• **INPUT DATA**:
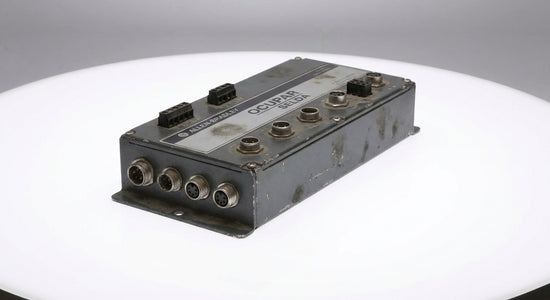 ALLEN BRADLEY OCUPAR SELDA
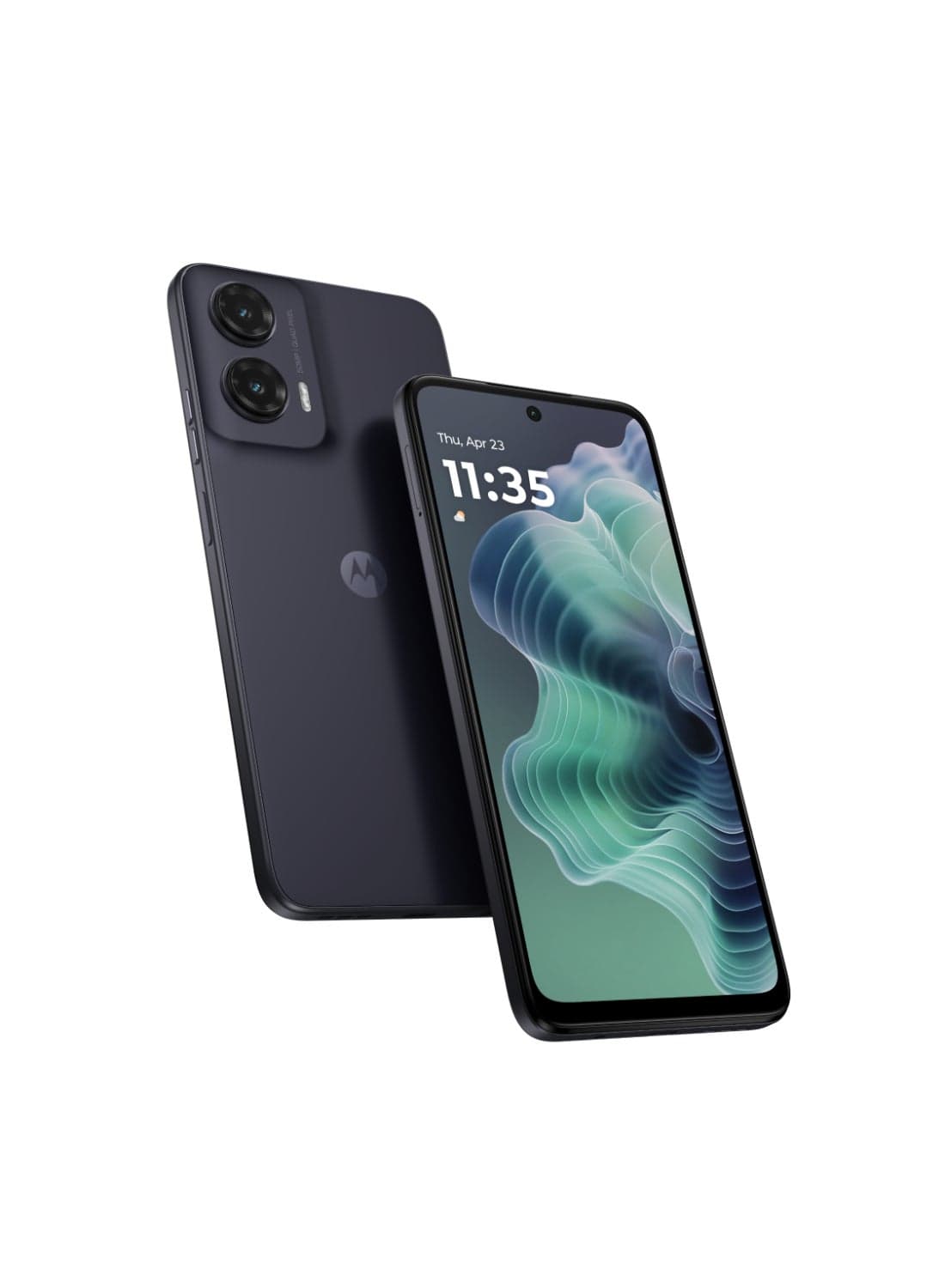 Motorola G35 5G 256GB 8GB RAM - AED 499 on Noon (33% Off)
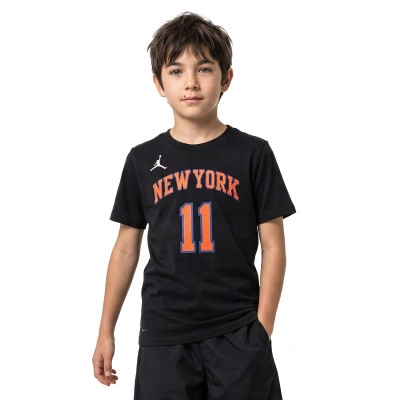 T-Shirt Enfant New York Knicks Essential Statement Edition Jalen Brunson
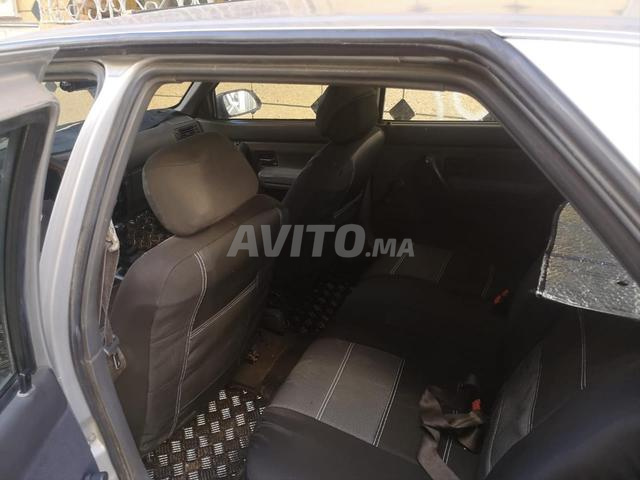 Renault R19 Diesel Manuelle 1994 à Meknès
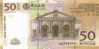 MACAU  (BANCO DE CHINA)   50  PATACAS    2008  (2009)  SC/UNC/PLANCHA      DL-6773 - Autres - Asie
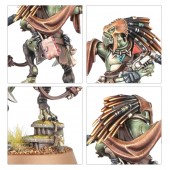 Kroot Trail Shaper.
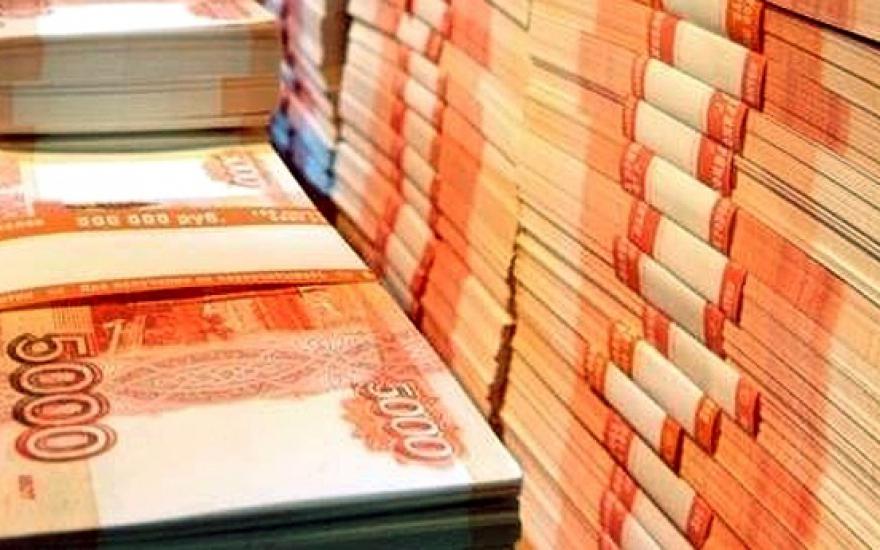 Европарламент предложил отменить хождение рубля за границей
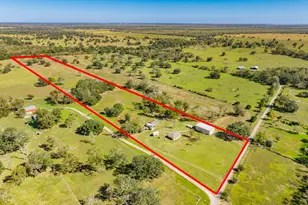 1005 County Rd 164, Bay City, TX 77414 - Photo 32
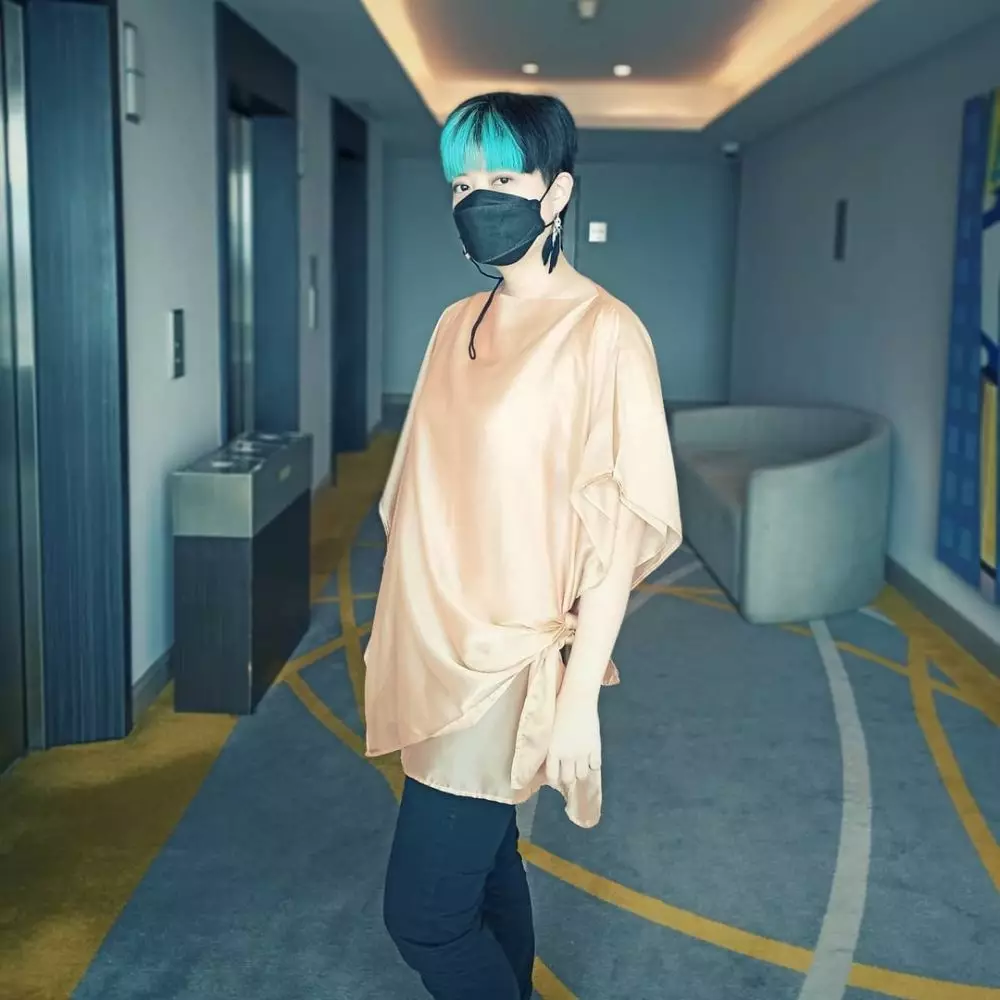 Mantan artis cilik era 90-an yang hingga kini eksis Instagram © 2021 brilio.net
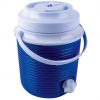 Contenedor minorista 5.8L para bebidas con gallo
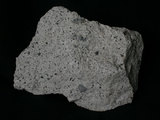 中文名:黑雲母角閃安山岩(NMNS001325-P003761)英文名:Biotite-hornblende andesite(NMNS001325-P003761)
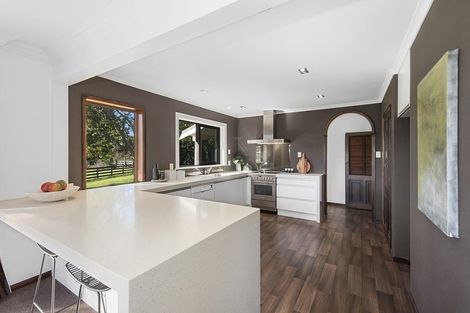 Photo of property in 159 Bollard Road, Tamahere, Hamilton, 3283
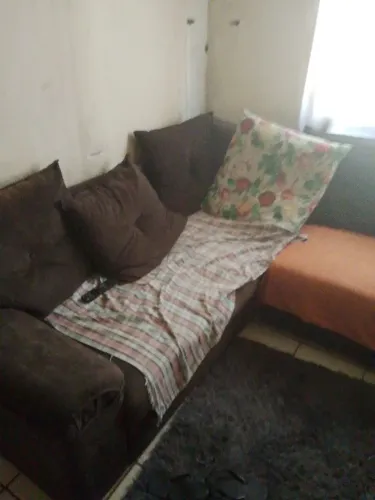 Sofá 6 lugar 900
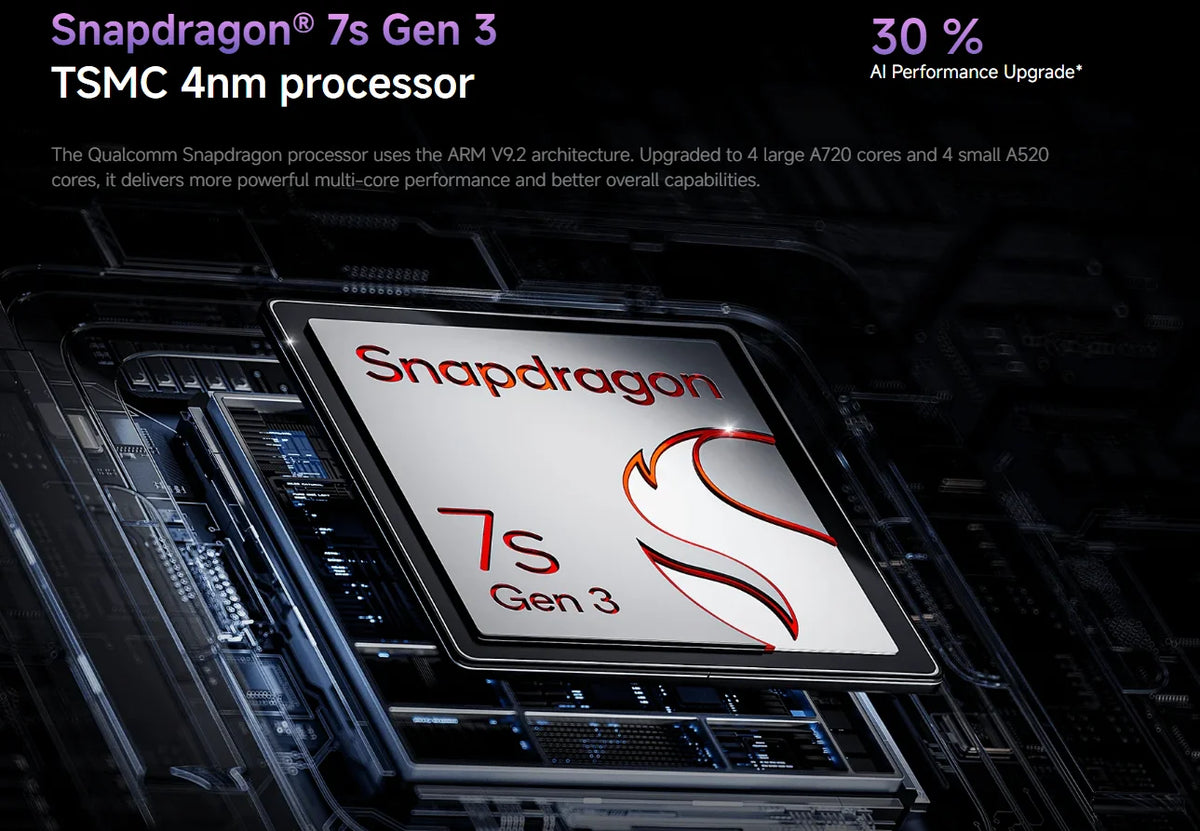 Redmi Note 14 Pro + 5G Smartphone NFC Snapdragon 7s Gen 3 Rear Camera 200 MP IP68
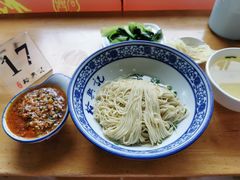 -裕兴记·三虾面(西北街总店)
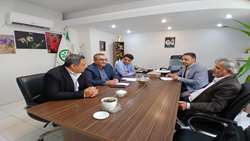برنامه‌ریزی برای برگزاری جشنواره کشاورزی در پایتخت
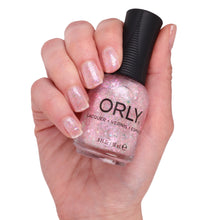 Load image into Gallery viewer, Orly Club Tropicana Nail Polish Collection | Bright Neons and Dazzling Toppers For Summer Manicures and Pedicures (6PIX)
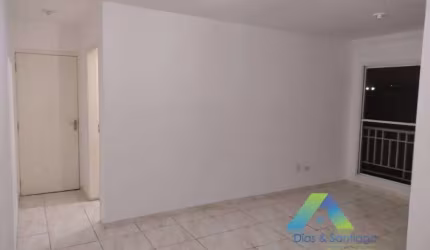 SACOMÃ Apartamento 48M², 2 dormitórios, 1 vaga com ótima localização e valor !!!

• **EXERCISE DETAILS**: Exactly as written, set down the lines from the line holding "T-Shirt Enfant New" to the last line of the data, both ends included, pictures excluded.

• **EXPECTED OUTPUT**:
 T-Shirt Enfant New York Knicks Essential Statement Edition Jalen Brunson
 Renault R19 Diesel Manuelle 1994 à Meknès
 MACAU  (BANCO DE CHINA)   50  PATACAS    2008  (2009)  SC/UNC/PLANCHA      DL-6773 - Autres - Asie
 Kroot Trail Shaper.
 Европарламент предложил отменить хождение рубля за границей
 1005 County Rd 164, Bay City, TX 77414 - Photo 32
 Mantan artis cilik era 90-an yang hingga kini eksis Instagram © 2021 brilio.net
 Contenedor minorista 5.8L para bebidas con gallo
 中文名:黑雲母角閃安山岩(NMNS001325-P003761)英文名:Biotite-hornblende andesite(NMNS001325-P003761)
 Photo of property in 159 Bollard Road, Tamahere, Hamilton, 3283
 Sofá 6 lugar 900
 Redmi Note 14 Pro + 5G Smartphone NFC Snapdragon 7s Gen 3 Rear Camera 200 MP IP68
 -裕兴记·三虾面(西北街总店)
برنامه‌ریزی برای برگزاری جشنواره کشاورزی در پایتخت
 Load image into Gallery viewer, Orly Club Tropicana Nail Polish Collection | Bright Neons and Dazzling Toppers For Summer Manicures and Pedicures (6PIX)
 SACOMÃ Apartamento 48M², 2 dormitórios, 1 vaga com ótima localização e valor !!!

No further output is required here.